Tax cuts set to benefit La Trobe residents

Low to middle income earners are set to earn more under Labor's proposed changes to the stage 3 tax cuts. PICTURE: ON FILE

By Tyler Wright

The electorate of La Trobe is set to benefit the most from the Labor Government’s amendments to the stage 3 tax cuts in Victoria, according to independent think tank The Australian Institute.

According to the recent report, the electorate will benefit from an additional $46 million as a whole, with each taxpayer $369.16 better off compared to the original stage 3 tax cuts legislated by the Liberal Government in 2019.

The paper used taxation statistics by postcode from the Australian Tax Office (ATO) and aggregated them into federal electorates, added up the number of taxpayers in each tax bracket for each electorate.

“The modified Stage 3 tax cuts give a larger tax cut to low-and middle-income earners, the biggest winners are those electorates that have a larger proportion of low-and middle-income taxpayers,” The Australian Institute’s report read.

The Prime Minister broke a promise that the party would not amend the cuts.

While the Coalition will attempt to amend the bill, it will not stand in the way of Labor’s changes, supporting the amendment in order to ‘help Australians’.

Liberal La Trobe MP Jason Wood said his office had received “two or three emails” from constituents calling for the Liberal Party to support the changes.

“They didn’t want to lose the money; when I’ve gone out there, other people have, like doctors, have made it very clear to me that they’re obviously not happy about the changes.

“Overall, people really hurt, and that’s the key message I’m hearing, the cost of living…everything’s going up, insurance is going up.
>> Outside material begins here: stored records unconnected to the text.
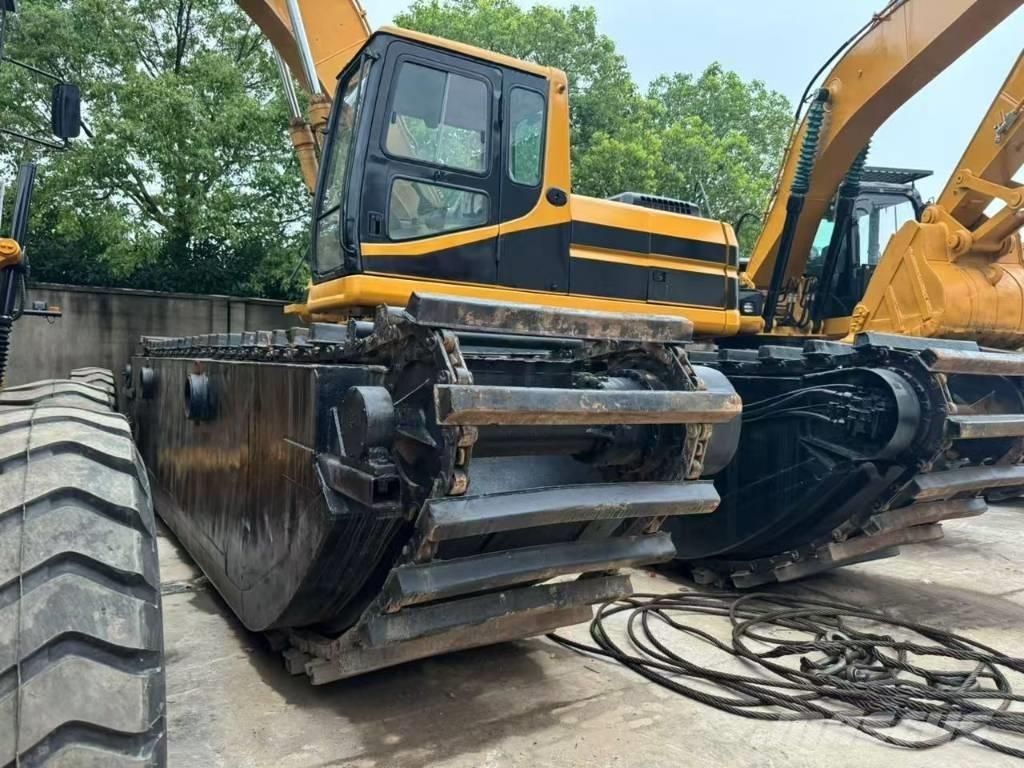 CAT 320 B Pelles amphibies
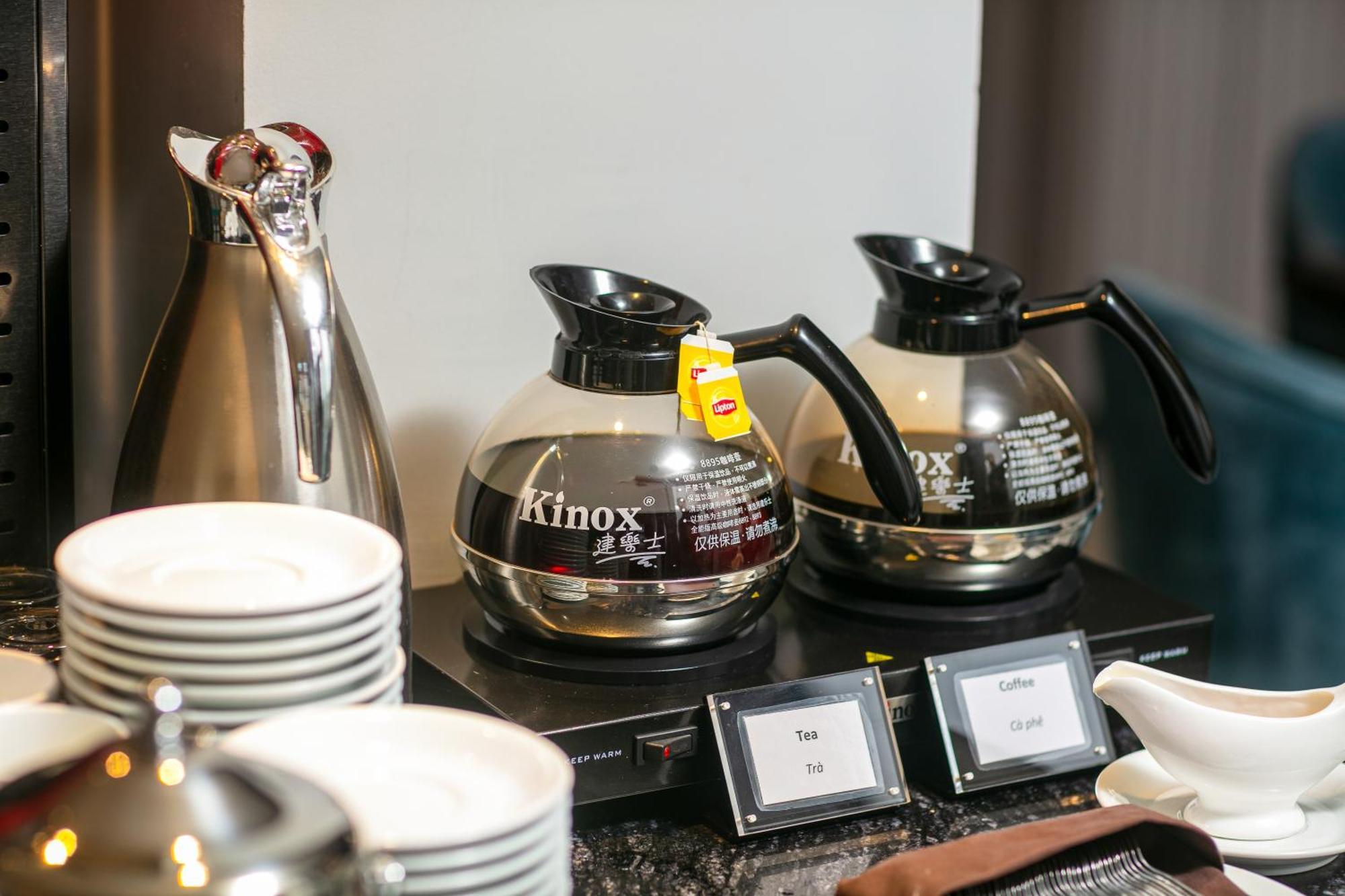 May De Ville Lakeside Hotel Hanói Exterior foto Coffee pots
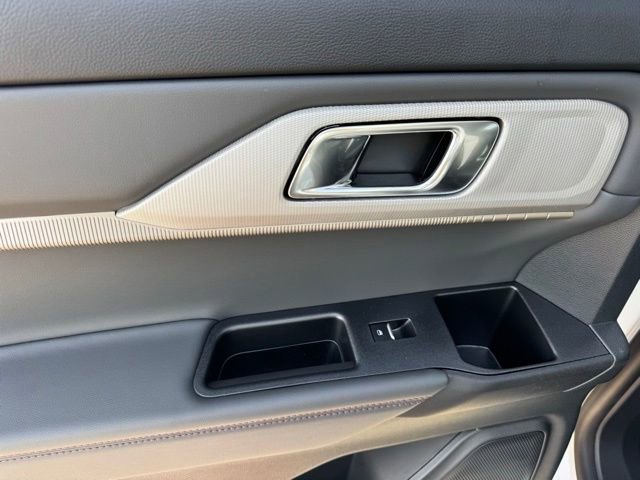 New 2026 Ford Explorer Active w/ Active Comfort Package image 15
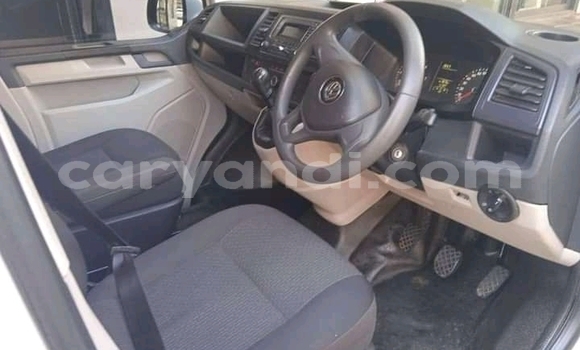 Acheter Occasion Voiture Volkswagen Caravelle Blanc à Lusaka, Zambie Acheter Occasion Voiture Volkswagen Caravelle Blanc à Lusaka, Zambie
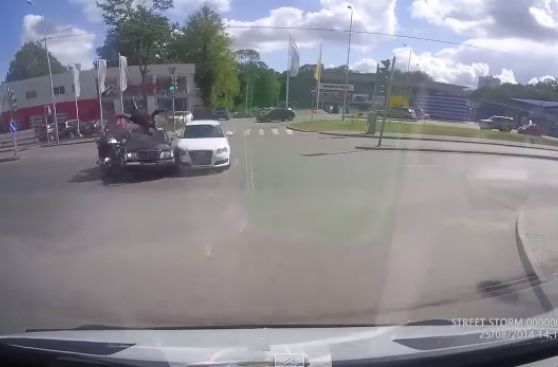 VIDEO: Una moto se pasa el semáforo y choca con dos autos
“I get more emails on potholes than tax cuts.”

Mr Wood said the scrapping of funding for the duplication of Wellington Road between the 2022-23 budget and slashing over $100 million of funding the Sealing the Hills program, which was set to seal 100 kilometres of roads in the Cardinia Shire in the 2022-23 budget, are other examples of broken promises from the Federal government.

“These were election commitments made by Labor back in 2019, and they’ve walked away,” he said.
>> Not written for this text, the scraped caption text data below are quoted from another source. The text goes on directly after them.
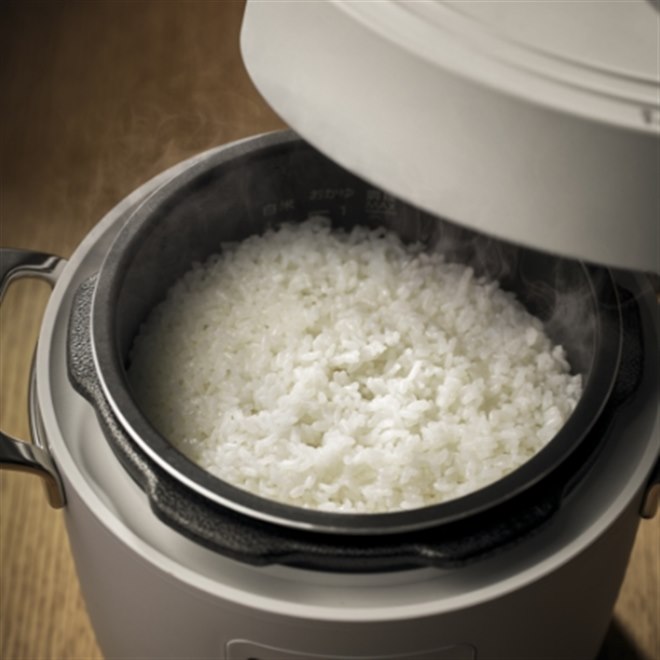 Re・De、約25分の炊飯や15段階の低温調理設定に対応した電気圧力鍋「Re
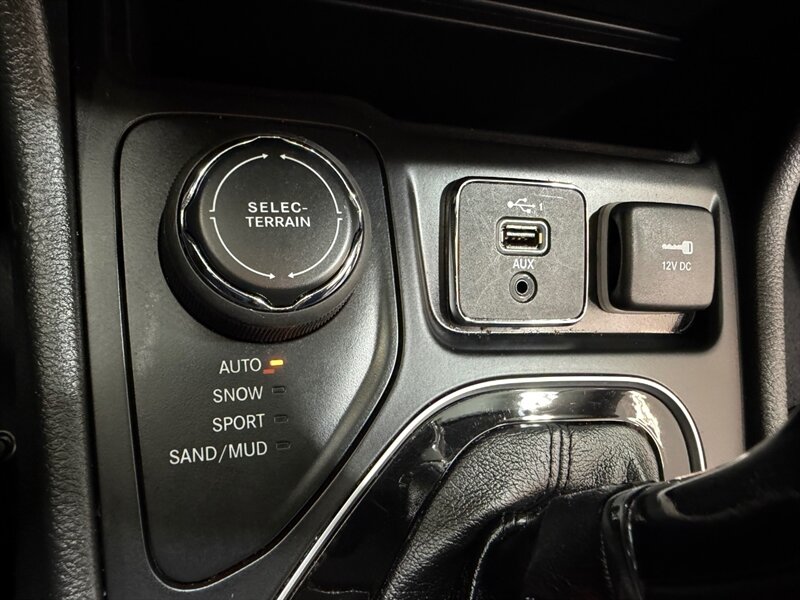 2021 Jeep Cherokee Altitude AWD / 1 OWNER / LEATHER / ONLY 38K MILES / NEW TIRES / LOCEL RUST FREE - Photo 22 - Gladstone, OR 97027
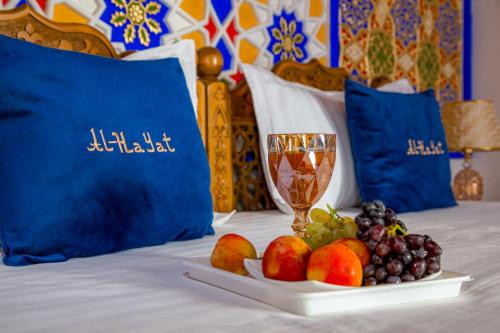 布哈拉AL-HAYAT的床上的水果盘,带葡萄酒杯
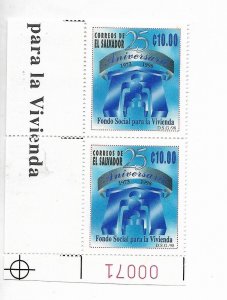 EL SALVADOR HOUSING SOCIAL FUND 25TH ANNIVERSARY 1 VALUE IN VERTICAL PAIR MNH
“Reducing the tax rate from 19 to 16 [per cent], we will support that, we’re not gonna stop anyone from getting a tax cut, but the point is Labor, they never put any amendments on it in the last four years and all of a sudden they change it, and that was election commitments, and that’s our issue.

“There was stage one and stage two [cuts] more for low income earners and stage three was for people earning more, and that was the agreement through two elections.”

Speaking to the ABC, Casey MP Aaron Violi also criticised Prime Minister Anthony Abanese’s “broken promise” that the Labor Party would not amend the stage 3 tax cuts.

“Most Australians will gain $804 in that low and middle income bracket,” he said.

“That, for perspective for viewers, is $15 a week, starting on the 1st of July.

“Petrol in my community is $2.19 today, that’s about six litres of petrol in about five months that this government is promising people for cost of living.

“So he’s [Albanese’s] broken his promise, he’s broken his word, and he’s not delivering significant, tangible relief to Australians today, he’s making them wait five months.

“It’s $15 a week for most, and he could have acted last year when he slugged everyone an extra $1500 on their tax bill.”

The Federal Labor Government cited a global inflation spike, interest rate rises and ‘greater global uncertainty’ as its reasons for the changes.